Il suo assassinio è rimasto impunito. “La morte del Millunzi - ha affermato il vescovo Giuseppe Petralia - è rimasta sempre misteriosa: certo è, però, che è rimasto vittima del suo coraggio e della sua lealtà. Egli non ammetteva prepotenze, sia nella vita pubblica, sia nelle istituzioni”; e va anche ricordato che era un feroce oppositore della Massoneria (che definiva “setta nefasta”) e che quando era membro dell’amministrazione del Collegio di Maria di Monreale aveva riscontrato all’interno dell’istituto la presenza di “ingerenze mafiose”, a cui si era opposto con estrema e risoluta fermezza.

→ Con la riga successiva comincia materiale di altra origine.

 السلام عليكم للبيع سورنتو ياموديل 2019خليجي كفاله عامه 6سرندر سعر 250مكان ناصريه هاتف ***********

Lo stesso monsignor Petralia ricordava peraltro che il Millunzi aveva subìto “un gravissimo attentato mentre leggeva il suo breviario, in una terrazza del Convitto di Chierici Rossi: gli spararono contro, ma quella volta sfuggì alla morte”.

Dunque, molti elementi e concordanti indizi inducono a ritenere che sia da qualificare come delitto di mafia l’efferato omicidio del canonico Millunzi, che durante tutta la sua esistenza, come ha scritto lo storico Nicola Giordano, “disprezzò i pericoli e non chiuse mai gli occhi dinanzi all’ingiustizia ed alla viltà”. Tutti giustamente riconosciamo l’altissima testimonianza di rettitudine e di impegno sociale che ha condotto don Pino Puglisi all’estremo sacrificio; ma sarebbe probabilmente doveroso riscoprire e valorizzare la figura di questo prete monrealese illuminato ed integerrimo, sottraendolo all’ingiusto ed immeritato oblio.